New York, April 14, 2011–A magistrate in the Senegalese capital, Dakar, found investigative journalist Abdou Latif Coulibaly guilty of criminal defamation today in connection with 2010 stories alleging fraudulent transactions between an agricultural business and the government, according to local journalists. Coulibaly is already appealing a suspended prison term in connection with a separate defamation case. 

Coulibaly, editor of La Gazette, a private weekly critical of the government, was sentenced to a three-month suspended term, according to local journalists. The magistrate also ordered the journalist to pay 10 million CFA francs (US$21,500) to Abbas Jaber, chief executive officer of the agricultural business Suneor, who filed the complaint. The charges stemmed from stories alleging irregularities in Suneor’s transactions with the government, a claim the company denied. Coulibaly is expected to appeal today’s ruling, journalists said.

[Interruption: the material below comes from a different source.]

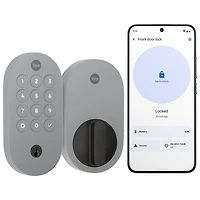 Serrure intelligente Google avec pavé numérique et compatibilité Matter de Yale - Cendré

“A democracy such as Senegal should not be resorting to criminal defamation statutes to jail and silence critical journalists,” said CPJ Africa Advocacy Coordinator Mohamed Keita. “We urge the appeals court to overturn this criminal conviction.”

In November 2010, a magistrate handed Coulibaly a suspended two-month prison sentence and ordered him to pay 10 million CFA francs in damages to presidential adviser Thierno Ousmane Sy over stories alleging malfeasance in a mobile telecom deal, according to CPJ research.